Bu noktada, Batesian taklidi, korunmasız bir av türünün veya taklitçinin toksik veya başka şekilde korunmuş bir türü veya modeli taklit ettiği yerdir (Biodiversity Lab 2017). Başlangıçta, Henry Bates teoriyi ortaya koyduğunda, çeşitli kelebek türlerinin hoş olmayan bir türe nasıl benzediğini keşfettiği Amazon'a yaptığı geziden sonra, Charles Darwin ve Alfred Russel Wallace bu keşfi doğal seçilimin güzel bir örneği olarak selamladı. Batesian taklidi üzerine çalışmalar günümüze kadar devam etmektedir ve bilim adamları teoriyi destekleyen kanıtlar sağlamak için güçlü bir teorik çerçeveye sahiptir (Biodiversity Lab 2017). Aslında, Kelebekler'deki Batesian taklidi üzerine yapılan çalışmaların çoğu, evrimsel biyolojiyi destekleyen en güçlü kanıtlardan biri haline gelmiştir..

Doğa bunun örnekleri ile doludur. Çekirge, Condylodera tricondyloides Borneo'da, çoğu müze koleksiyonunda genellikle kaplan böcekleri ile karıştırıldığı kaplan böceklerine çok benziyor. Kaplan böceği çok agresif ve çekirgenin hayatta kalmasını sağlamaya yardımcı olmak için taklit etmeyi umduğu özellik budur (Salvato 1997).

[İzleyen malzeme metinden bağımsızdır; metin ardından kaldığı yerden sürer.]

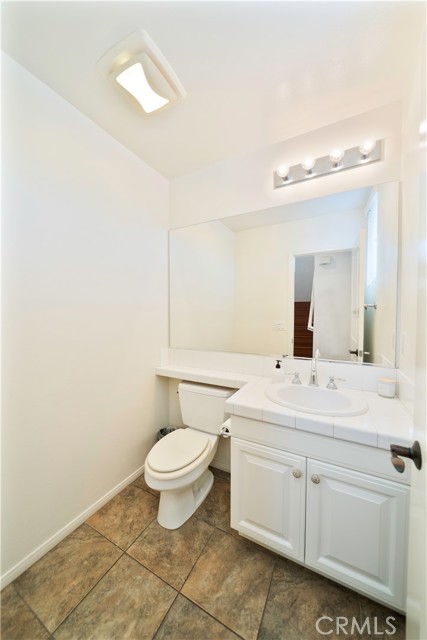 15315 Ashley Court, Whittier CA: https://media.crmls.org/medias/a9c10c7e-fc8d-46f7-a7ea-dbf6cb137ab2.jpg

Genellikle Monarch kelebeği ve Viceroy kelebeği örneği Batesian taklidinin bir örneği olarak sunulur. Bu örnekte, Vali kelebeğinin Monarch kelebeğini taklit ettiği düşünülmüştür, çünkü Monarch yırtıcılara karşı hoş değildir. Aslında, son zamanlarda Viceroy'un yırtıcılar için hoş olmayan, esas olarak kuşlar olduğu keşfedildi (Salvato 1997). Bu nedenle, Batesian taklidinin bir örneği olmaktan ziyade, aşağıda ele alınacak olan Mullerian taklidinin bir örneğidir..

Gerçek Batesian taklidinin bir başka örneği, yırtıcılardan biri olan dokumacı karınca Oecophylla Smaragdina'ya benzer görünen karınca önleyici örümcek Myrmarachne ile ortaya çıkar. Örümcek karıncaya çok benzemeseydi, karıncalar tarafından kesinlikle sürülecek ve tüketilecekti..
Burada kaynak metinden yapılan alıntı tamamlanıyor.